Check foot traffic in real time before you head out the door.

Sometimes a five-minute coffee run can turn into a frustrating half-hour wait, depending on how many caffeine cravers are in line ahead of you. But what if you could know how crowded a place is before heading out for a latte, or a trip to the DMV, or even waiting in a hideously massive line at Trader Joe’s? That’s the concept behind Density, a new device that detects foot traffic in real time.

Here’s how it works: Businesses place Density—which comes in the form of a tiny black box, below—on their door frame, somewhere around hip height. Using infrared distance sensors, Density detects when someone has entered or exited the building. ​The device counts the number of customers who pass through each day, or even how many patrons are inside at a given moment. (A guest’s identity is entirely anonymous, and Density cannot capture any information about him.)

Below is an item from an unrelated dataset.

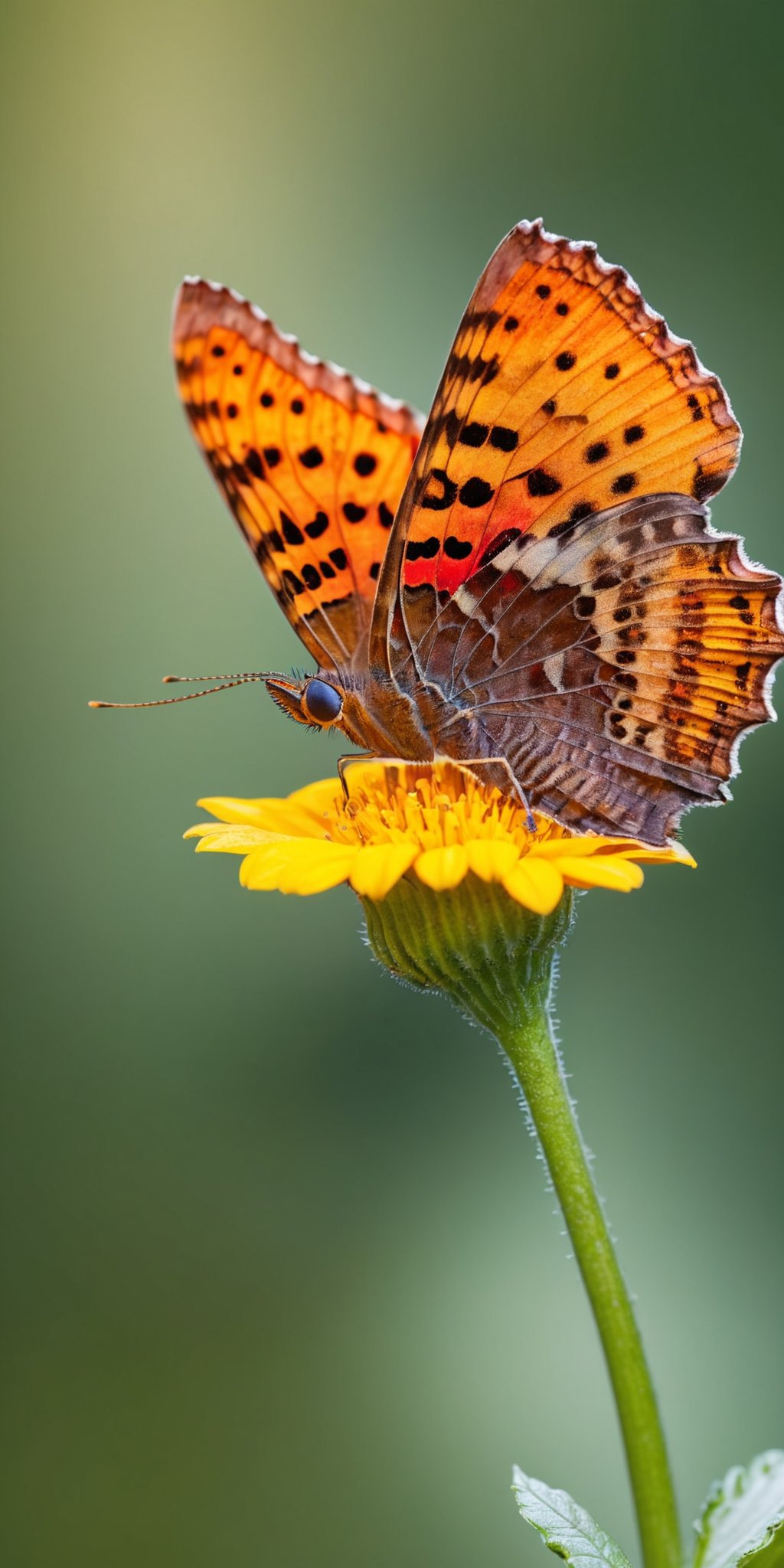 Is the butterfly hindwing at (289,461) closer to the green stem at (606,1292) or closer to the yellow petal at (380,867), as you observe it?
the yellow petal at (380,867)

Anyone looking to gauge the crowd at a local establishment can receive notifications for free by downloading the Density app.

Density

Tracking becomes a bit trickier when there is a line out the door or a set of double doors, but for the most part Density is reliably accurate. Although the company doesn’t have an official accuracy count, CEO Andrew Farah tells CityLab, “in some [test] environments, we’re at 98 percent.”

One catch is that the device cannot be obtained through the company directly, but instead must be purchased via location services or point of sale systems. Density licenses its data to startup companies for $25 per month (or, in some cases, per installation), and these companies then distribute their sensors to merchants at no cost (hardware and installation are free).

A handful of companies are devising ways to use it to boost sales during lagging periods. A startup called Requested in Sacramento, CA is using Density to offer discounted rates at local restaurants. Whenever Density detects slow foot traffic at a restaurant, Requested users will automatically receive a discount.

Since the service’s technical launch two weeks ago, Density is “under water with requests,” says Farah. The company has already received inquiries from startups, malls, major retailers, and Fortune 500 companies. Requests have also come in from more surprising sources, such as churches using the device to tally their congregations, or a company that runs homeless shelters.

Moving forward, Density has plans for pilot deployments in Austin, L.A., and New York City by the end of summer. They also hope to expand their business to location apps in order to determine what bars or nightclubs might be trending on a given night.